▶ What the exercise asks: With the pictures left out, please return exactly the line holding "[Ảnh] Người hâm" and each following line until the entries end.

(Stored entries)
((

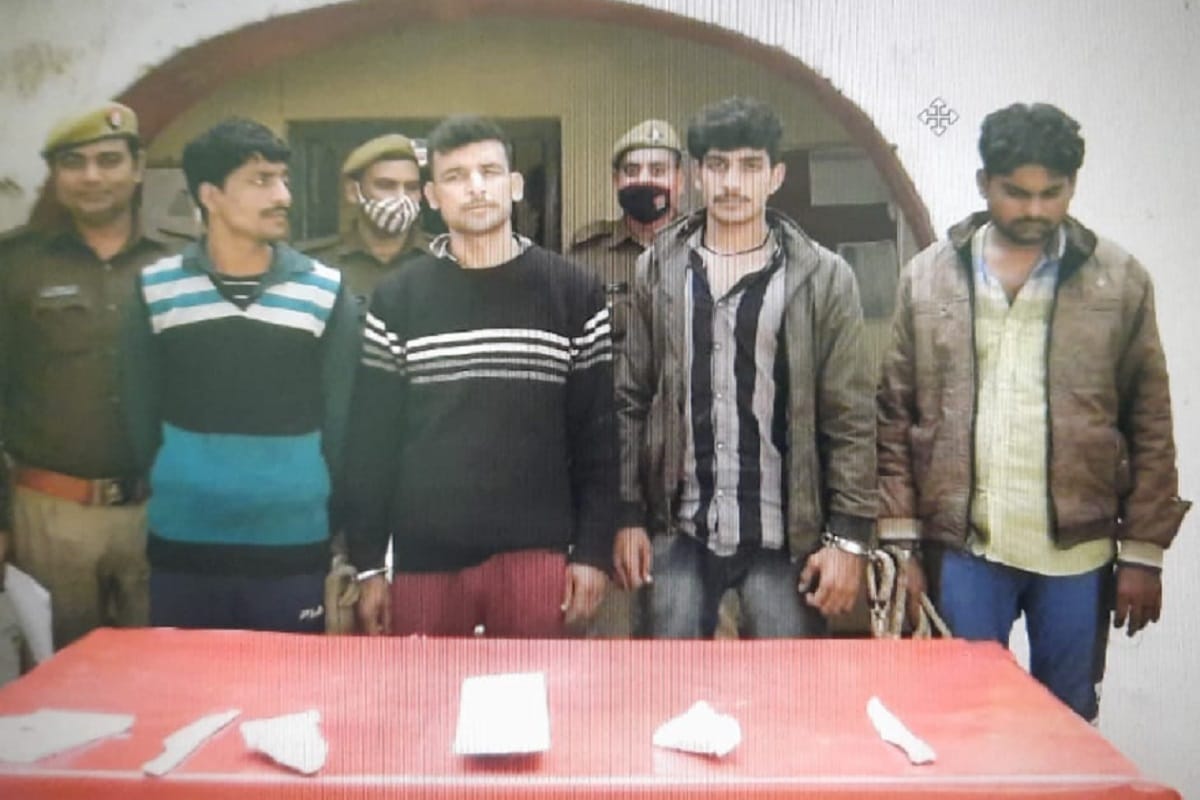 UP News: Encounter in Saharanpur and four accused arrested with a car and tamancha by police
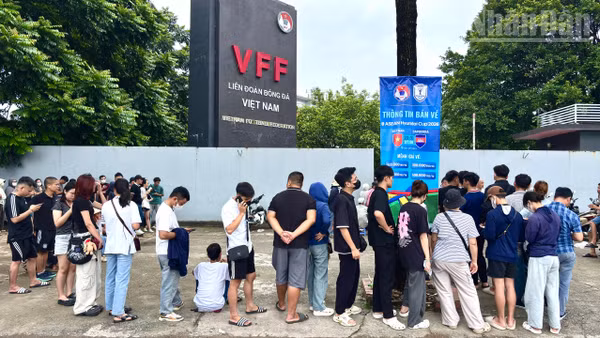 [Ảnh] Người hâm mộ xếp hàng nhiều giờ mua vé xem Đội tuyển Việt Nam đấu với Campuchia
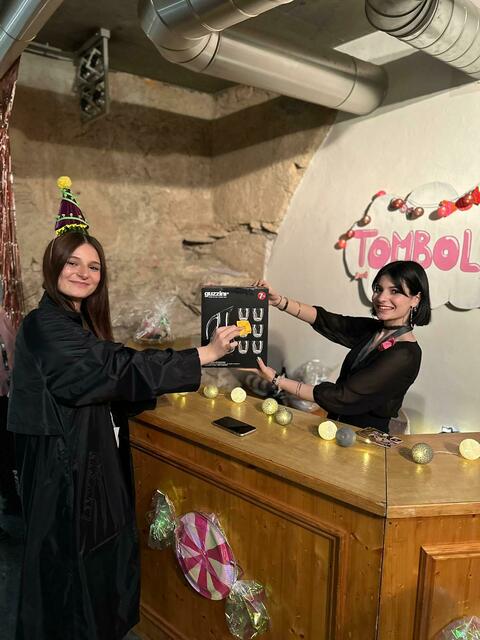 Schülerinnen im Candyland | Foto: Luka Steirer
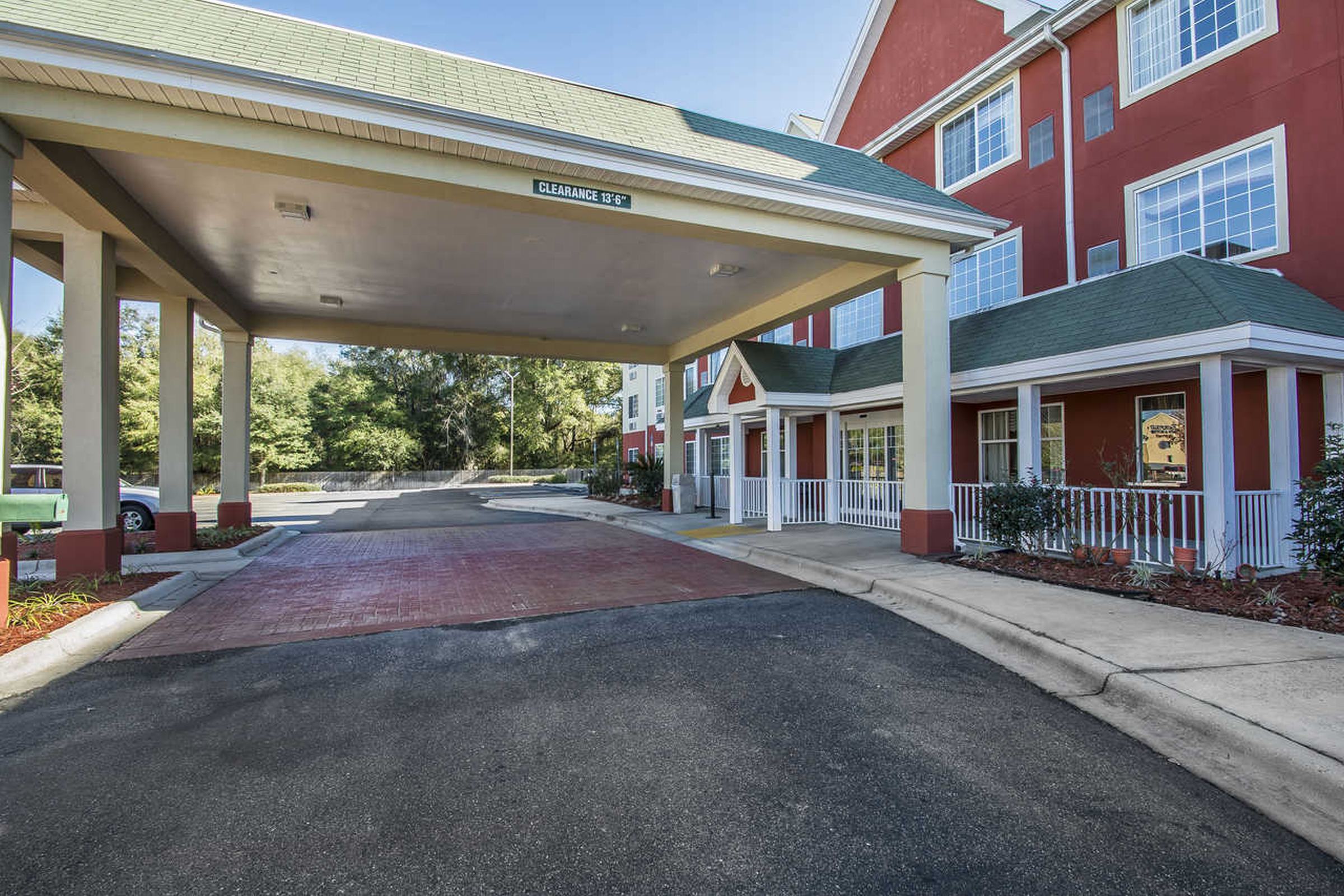 Econo Lodge Inn & Suites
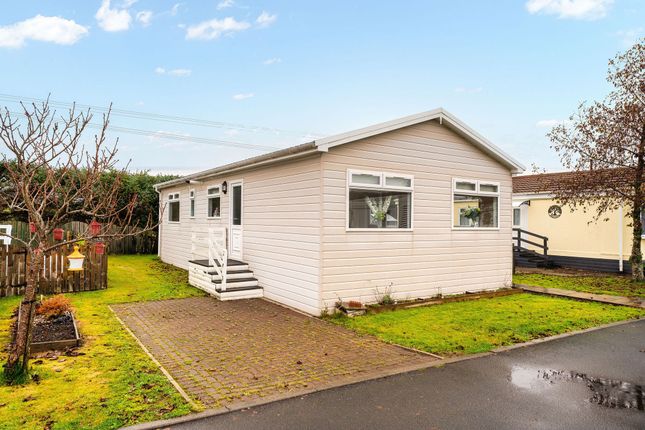2-bed caravan on 71 Beechtree Park, Denny, £125,000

))

▶ Answer:
 [Ảnh] Người hâm mộ xếp hàng nhiều giờ mua vé xem Đội tuyển Việt Nam đấu với Campuchia
 Schülerinnen im Candyland | Foto: Luka Steirer
 Econo Lodge Inn & Suites
2-bed caravan on 71 Beechtree Park, Denny, £125,000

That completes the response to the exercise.